3.4. Message receive monitor resources

The message receive monitor resources monitor error messages reported from outside. This section only covers the part associated with linkage with the server management infrastructure. For other cases, see "Monitor resource details" in the Reference Guide.

3.4.1. Notes on message receive monitor resources

A message receive monitor resource cannot execute any scrip before the final action if it is linked with the server management infrastructure.
Do not use the clprexec command, because EXPRESSCLUSTER manages the status of a message receive monitor resource if it is linked with the server management infrastructure.
When the keyword by a message receive monitor resource is specified, if an error is detected in the device specified as the monitor target, an error occurs and the error correction action is performed .
If no device is specified as the keyword by a message receive monitor resource and an error is detected in any device that matches the Category, an error occurs and the error correction action is performed.

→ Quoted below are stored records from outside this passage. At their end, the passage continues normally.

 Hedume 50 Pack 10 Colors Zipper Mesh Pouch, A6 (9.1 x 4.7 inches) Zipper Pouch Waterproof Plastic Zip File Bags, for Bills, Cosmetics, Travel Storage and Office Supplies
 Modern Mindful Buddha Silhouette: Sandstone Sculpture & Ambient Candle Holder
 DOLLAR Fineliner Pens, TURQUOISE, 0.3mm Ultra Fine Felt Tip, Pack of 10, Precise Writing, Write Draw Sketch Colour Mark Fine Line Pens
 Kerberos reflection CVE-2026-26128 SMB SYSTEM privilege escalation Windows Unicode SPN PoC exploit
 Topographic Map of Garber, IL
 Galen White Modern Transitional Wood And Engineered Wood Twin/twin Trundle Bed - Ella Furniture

3.4.2. Category by a message receive monitor resource

A message receive monitor resource receives the following message types when it is linked with the server management infrastructure.

  1. NIC
    Monitors the error messages of network interface cards.
  2. FC
    Monitors the error messages of Fibre Channel.
  3. HA/SS
    Monitors the error messages of the EXPRESSCLUSTER X HA/StorageSaver.
  4. HA/AM
    Monitors the error messages of the EXPRESSCLUSTER X HA/ApplicationMonitor.
  5. HA/RS
    Monitors the error messages of the EXPRESSCLUSTER X HA/ResourceSaver.
  6. SPS
    Monitors the error messages of the SPS.

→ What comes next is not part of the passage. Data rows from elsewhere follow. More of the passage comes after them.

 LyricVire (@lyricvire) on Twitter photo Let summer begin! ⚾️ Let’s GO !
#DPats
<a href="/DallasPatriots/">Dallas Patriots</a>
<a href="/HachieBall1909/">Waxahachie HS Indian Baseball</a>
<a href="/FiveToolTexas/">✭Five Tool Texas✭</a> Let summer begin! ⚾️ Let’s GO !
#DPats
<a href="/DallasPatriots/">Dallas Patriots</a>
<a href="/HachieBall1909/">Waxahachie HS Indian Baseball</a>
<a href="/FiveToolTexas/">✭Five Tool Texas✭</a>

3.4.3. Monitor(special) tab

For more information on the Info tab and the Monitor (common) tab, see "Monitor resource details" in the Reference Guide.

Category (within 32 bytes)

Specify a category.
Be sure to select a default character string from the list box.

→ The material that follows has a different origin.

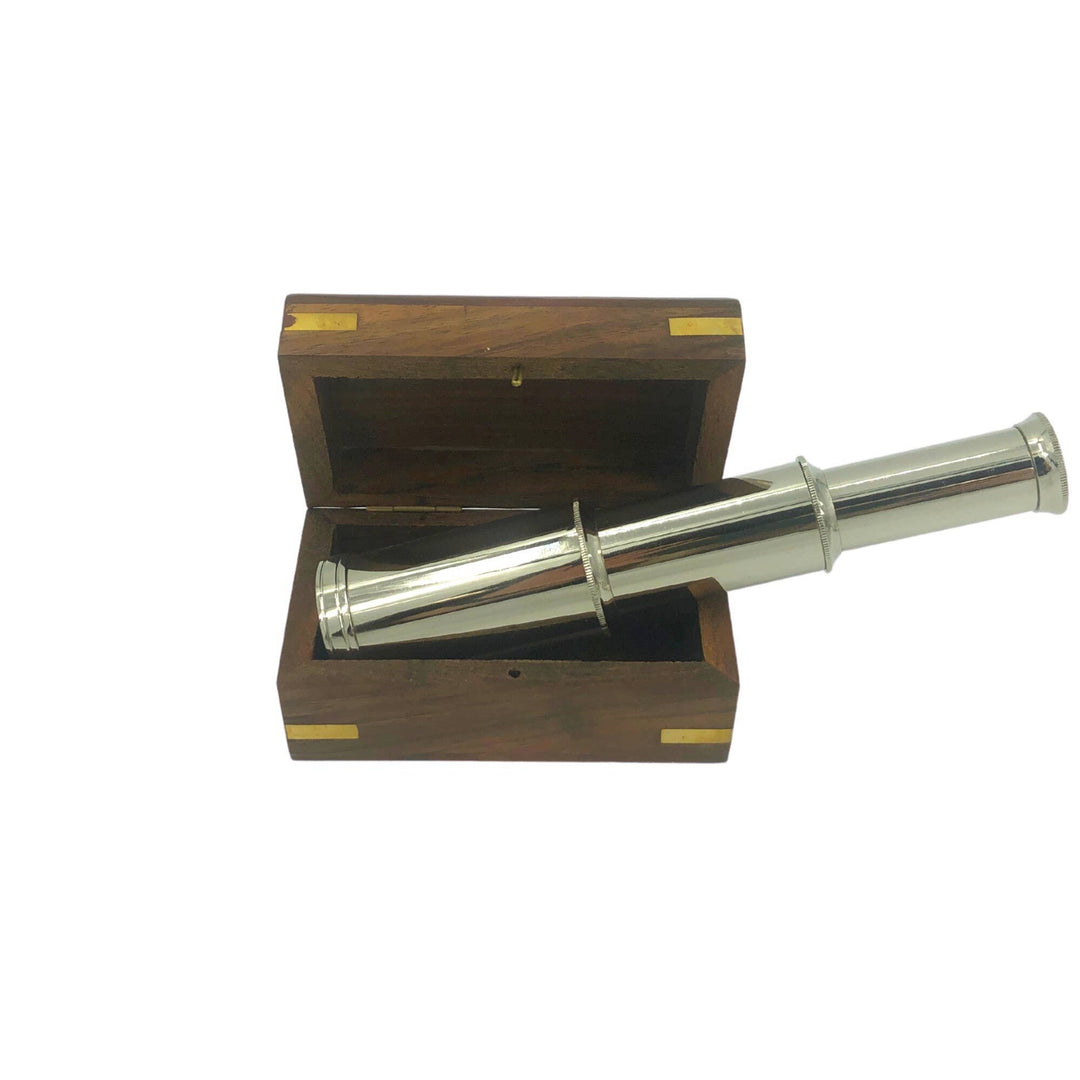 6" Handheld Chrome Telescope with Wood Box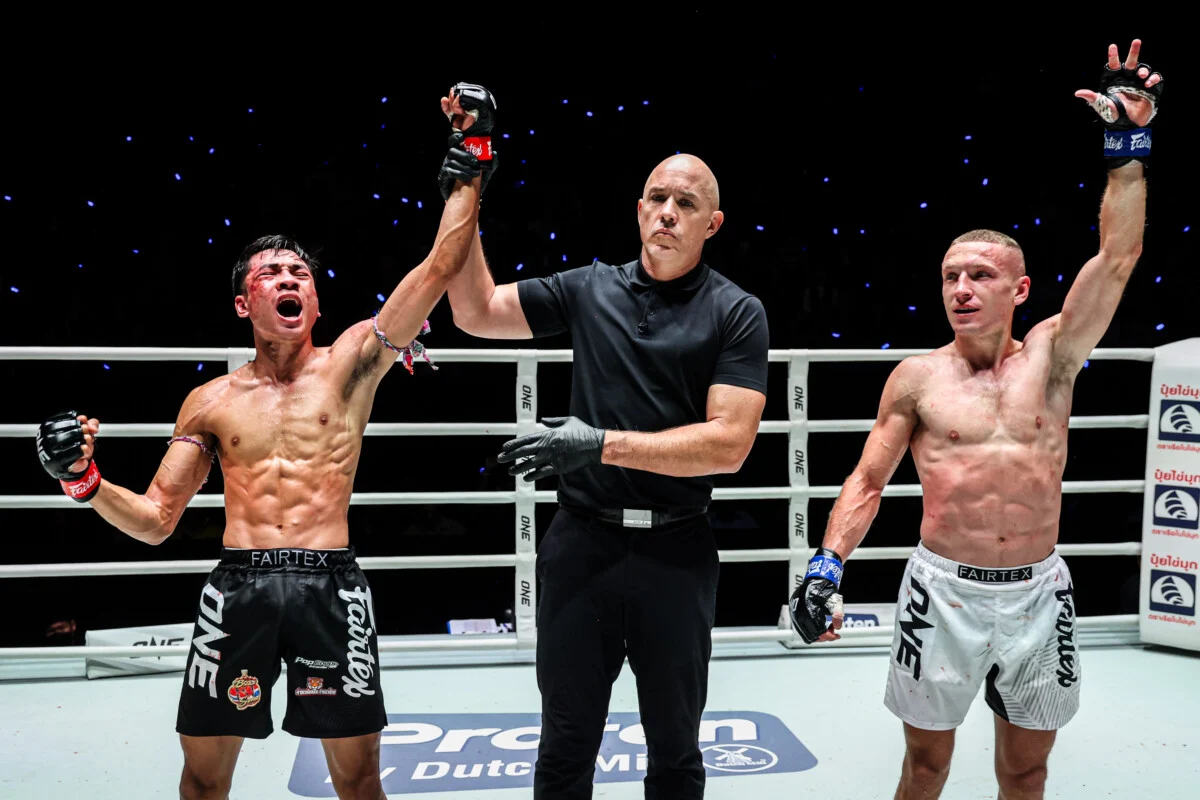 Payakrut gets his hand raised against Andrii Mezentsev at ONE Friday Fights 173.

Keyword (within 1023 bytes)

Specify a monitor target.

3.4.4. Recovery Action tab

For more information on the Info tab and the Monitor (common) tab, see "Monitor resource details" in the Reference Guide.

Specify the recovery target and the action upon detecting an error. For message receive monitor resources, select "Restart the recovery target", " Executing failover to the recovery target", or " Execute the final action" as the action to take when an error is detected. However, if the recovery target is inactive, the recovery action is not performed.

Recovery Action

Select the action to take when a monitor error is detected.

  • Executing recovery script
    Let the recovery script run upon the detection of a monitor error.
  • Restart the recovery target
    Restart the group or group resource selected as the recovery target when a monitor error is detected.
  • Executing failover to the recovery target
    Perform a failover for the group selected as the recovery target or the group to which the group resource selected as the recovery target belongs when a monitor error is detected.
  • Execute the final action
    Execute the selected final action when a monitor error is detected.

Execute Failover to outside the Server Group

Configurable only for message receive monitor resources. Specify whether to fail over to a server group other than the active server group upon the reception of an error message.

Execute Script before Recovery Action

This setting is disabled when linking with the server management infrastructure. Execute the script before the operation to be performed upon error detection, as selected for the recovery action.

For details about the settings other than the above, see "Recovery Action tab" in "Monitor resource properties" in "Monitor resource details" in the Reference Guide.